DATASET EXTRACT section start
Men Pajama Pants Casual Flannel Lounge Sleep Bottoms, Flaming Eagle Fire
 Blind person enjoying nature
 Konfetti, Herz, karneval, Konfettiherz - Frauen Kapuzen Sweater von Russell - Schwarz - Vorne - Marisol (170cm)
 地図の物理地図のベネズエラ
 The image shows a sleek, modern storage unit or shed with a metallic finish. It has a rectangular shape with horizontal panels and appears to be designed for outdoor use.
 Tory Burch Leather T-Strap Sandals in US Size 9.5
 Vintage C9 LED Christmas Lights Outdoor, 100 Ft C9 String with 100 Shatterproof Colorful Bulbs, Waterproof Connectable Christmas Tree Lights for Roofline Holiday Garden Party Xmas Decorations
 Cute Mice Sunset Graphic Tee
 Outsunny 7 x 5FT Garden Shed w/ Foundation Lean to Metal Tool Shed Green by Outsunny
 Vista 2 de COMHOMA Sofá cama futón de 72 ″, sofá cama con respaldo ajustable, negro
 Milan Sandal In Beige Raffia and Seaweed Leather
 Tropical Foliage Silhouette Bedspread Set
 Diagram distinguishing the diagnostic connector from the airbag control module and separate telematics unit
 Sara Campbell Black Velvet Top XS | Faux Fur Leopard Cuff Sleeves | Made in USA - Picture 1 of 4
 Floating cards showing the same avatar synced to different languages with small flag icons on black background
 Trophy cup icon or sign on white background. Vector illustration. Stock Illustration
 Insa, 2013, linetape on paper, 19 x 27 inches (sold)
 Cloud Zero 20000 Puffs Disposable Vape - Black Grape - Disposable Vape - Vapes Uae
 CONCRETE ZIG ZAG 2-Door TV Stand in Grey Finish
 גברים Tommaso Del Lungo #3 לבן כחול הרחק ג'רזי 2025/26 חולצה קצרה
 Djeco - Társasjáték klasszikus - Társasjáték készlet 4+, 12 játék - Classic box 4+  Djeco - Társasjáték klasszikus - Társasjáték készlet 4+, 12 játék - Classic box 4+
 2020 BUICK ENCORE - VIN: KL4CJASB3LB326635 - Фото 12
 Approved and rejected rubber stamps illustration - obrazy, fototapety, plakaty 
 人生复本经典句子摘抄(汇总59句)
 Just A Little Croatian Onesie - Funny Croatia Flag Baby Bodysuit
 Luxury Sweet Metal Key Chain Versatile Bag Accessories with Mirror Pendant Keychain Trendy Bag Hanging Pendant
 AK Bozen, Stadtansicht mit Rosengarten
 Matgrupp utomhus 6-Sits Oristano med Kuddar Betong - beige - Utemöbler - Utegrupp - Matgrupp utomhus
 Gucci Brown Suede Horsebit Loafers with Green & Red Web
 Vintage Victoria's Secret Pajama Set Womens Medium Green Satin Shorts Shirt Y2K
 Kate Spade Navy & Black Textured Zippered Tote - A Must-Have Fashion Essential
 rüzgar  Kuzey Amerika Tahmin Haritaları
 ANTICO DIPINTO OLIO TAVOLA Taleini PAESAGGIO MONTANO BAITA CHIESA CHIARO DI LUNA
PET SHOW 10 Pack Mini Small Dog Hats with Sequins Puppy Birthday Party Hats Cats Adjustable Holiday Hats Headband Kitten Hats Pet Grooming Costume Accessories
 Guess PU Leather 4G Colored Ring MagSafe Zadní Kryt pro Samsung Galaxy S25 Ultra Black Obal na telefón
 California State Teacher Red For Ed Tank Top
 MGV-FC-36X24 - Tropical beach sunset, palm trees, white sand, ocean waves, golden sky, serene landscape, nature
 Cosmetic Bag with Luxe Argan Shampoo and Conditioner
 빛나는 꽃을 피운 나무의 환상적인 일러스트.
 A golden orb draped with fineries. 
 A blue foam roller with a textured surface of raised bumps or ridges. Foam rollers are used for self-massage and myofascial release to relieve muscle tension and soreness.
DATASET EXTRACT section end
EXERCISE AIM: Lines above that have "white": copy each of them.

RESPONSE TO THIS TASK:
 Trophy cup icon or sign on white background. Vector illustration. Stock Illustration
 MGV-FC-36X24 - Tropical beach sunset, palm trees, white sand, ocean waves, golden sky, serene landscape, nature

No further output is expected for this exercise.